Task requirements: Only the text should come through, so restate the listing exactly and drop its images.

Supplied information:
<<<<

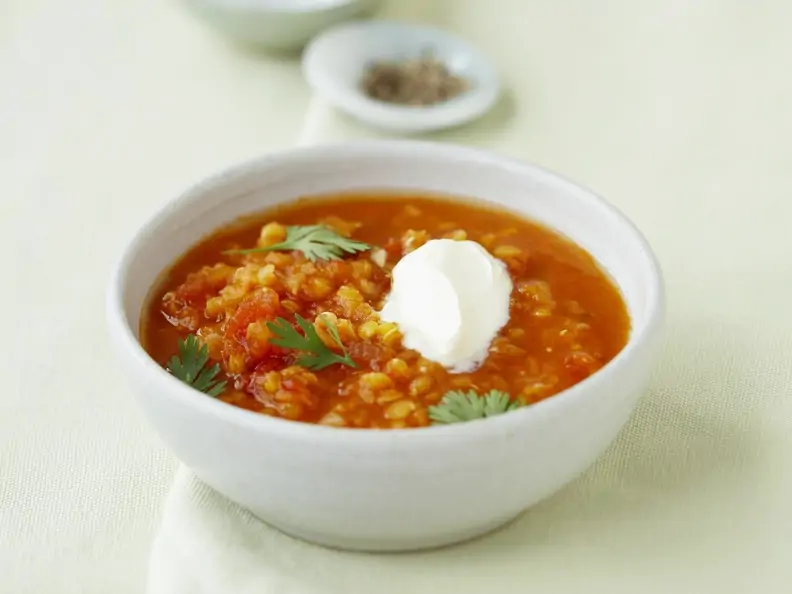 Rote Linsensuppe mit Koriander
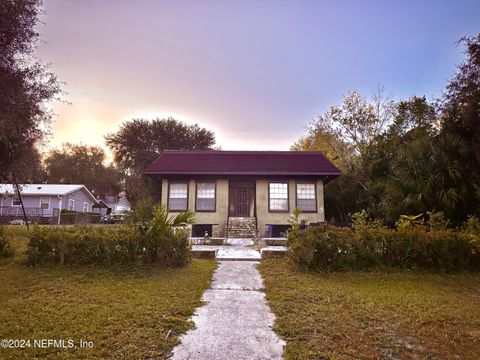 A home in Keystone Heights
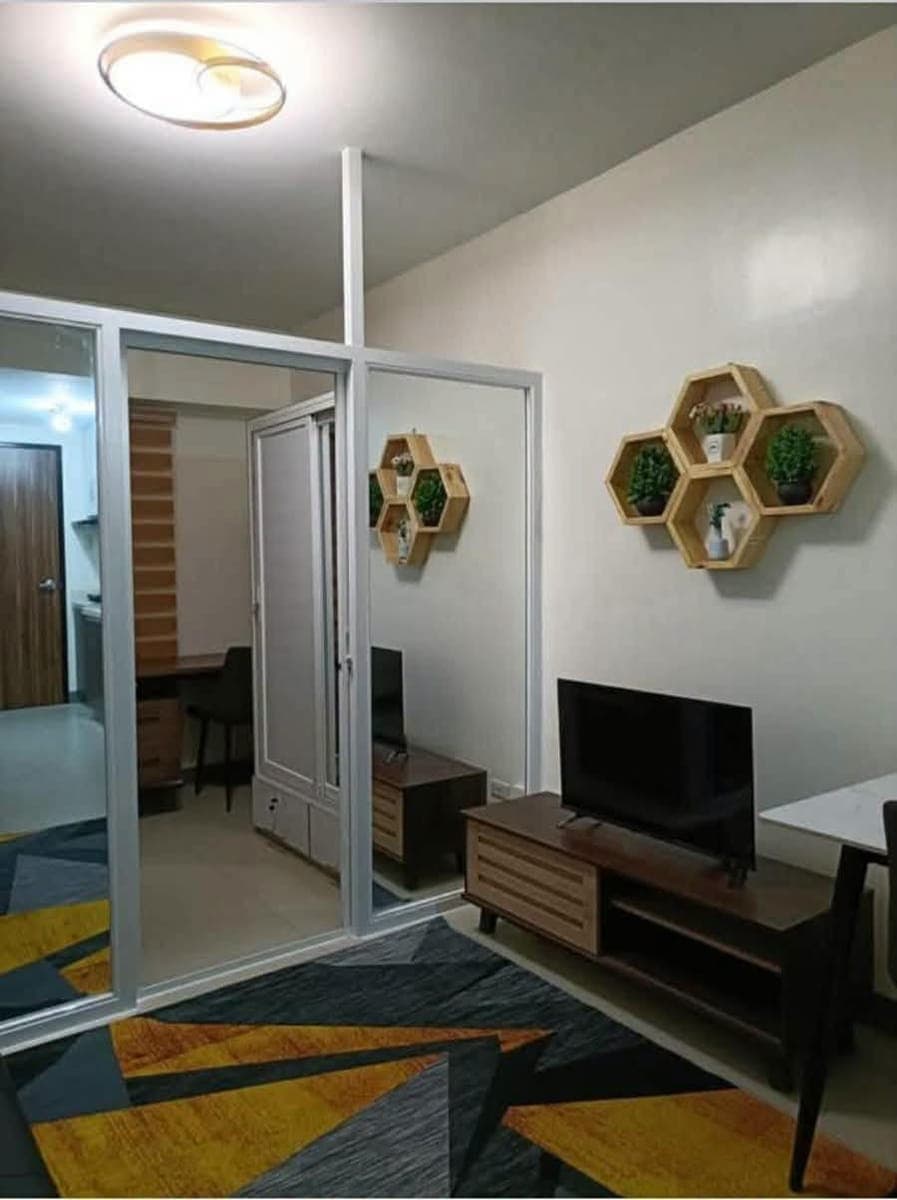 FOR RENT - photo 2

>>>>

Solution:
 Rote Linsensuppe mit Koriander
 A home in Keystone Heights
 FOR RENT - photo 2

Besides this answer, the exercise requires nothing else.